Complexity measure API, v2 #133

kahaaga · 2022-10-18T09:01:10Z

The need for a common `complexity interface`

This issue supersedes #81.

I think we should have a common interface for computing various entropy-like complexity measures, such as reverse_dispersion (already implemented), sample_entropy (#71 ), approximate_entropy (#72), missing_dispersion_patterns (#124), statistical_complexity (#131), etc (currently open PRs).

It is fine to have the methods sample_entropy, reverse_dispersion, statistical_complexity, but I really, really like the generic entropy interface where we just dispatch on different Entropy methods and ProbabilitiesEstimators, and would like something similar for other complexity measures.

Deciding on an interface like this is important because:

Having a complexity interface would hugely simply the implementation of multiscale methods (Multiscale analysis #132).
We need to decide on how to deal with complexity measures in general before merging WIP: Statistical complexity #131, and the other open PRs.

Suggested interface

I propose the following:

abstract type ComplexityMeasure end

function complexity(c::ComplexityMeasure, x, args...; kwargs...)
# potentially also
function complexity_normalized(c::ComplexityMeasure, x, args...; kwargs...)

Every complexity measure can then just have its own complexity type that we can dispatch on, e.g.

struct StatisticalComplexity{A1, A2} <: ComplexityMeasure
    a1::A1
    a2::A2
    ...
end

function complexity(c::StatisticalComplexity, x)
    ....
end

What do you think, @ikottlarz and @Datseris ?

The text was updated successfully, but these errors were encountered:

Datseris · 2022-10-18T10:27:57Z

How does having a complexity function simplify the multiscale PR?

kahaaga · 2022-10-18T10:35:16Z

How does having a complexity function simplify the multiscale PR?

With a complexity function, the exported methods for multiscale would be:

multiscale(e::Entropy, alg::MultiScaleAlgorithm, x::AbstractVector, est::ProbabilitiesEstimator; kwargs...)
multiscale(c::ComplexityMeasure, alg::MultiScaleAlgorithm, x; kwargs...)

Without it, the exported functions would be

multiscale(e::Entropy, alg::MultiScaleAlgorithm, x::AbstractVector, est::ProbabilitiesEstimator; kwargs...)

multiscale_sampleentropy(alg::MultiScaleAlgorithm, x; kwargs...)
multiscale_approx_entropy(alg::MultiScaleAlgorithm, x; kwargs...)
multiscale_reverse_dispersion(alg::MultiScaleAlgorithm, x; kwargs...)
multiscale_statistical_complexity(alg::MultiScaleAlgorithm, x; kwargs...)
multiscale_missing_disp_patterns(alg::MultiScaleAlgorithm, x; kwargs...)
...

kahaaga · 2022-10-18T10:38:00Z

Moreover, there are multiple variations on, for example, multiscale sample entropy.

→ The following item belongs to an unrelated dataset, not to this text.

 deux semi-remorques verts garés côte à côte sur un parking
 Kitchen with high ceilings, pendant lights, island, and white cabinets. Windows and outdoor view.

With this approach, we can capture all variations of it using parameters of struct SampleEntropy <: ComplexityMeasure end, not needing to define custom methods with custom names and different keywords for each variation of the method.

Datseris · 2022-10-18T10:38:47Z

Okay I agree with the proposed API. I don;t agree with having both the complexity API, and individual functions for each complexity measure as we do with entropies_.... I'm kind of done with having all these "conveniecne" methods which don't really offer any convenience and just allow an alternative syntax.

kahaaga · 2022-10-18T10:53:39Z

Okay I agree with the proposed API.

Ok, good!

I don't agree with having both the complexity API, and individual functions for each complexity measure as we do with entropies_.... I'm kind of done with having all these "conveniecne" methods which don't really offer any convenience and just allow an alternative syntax.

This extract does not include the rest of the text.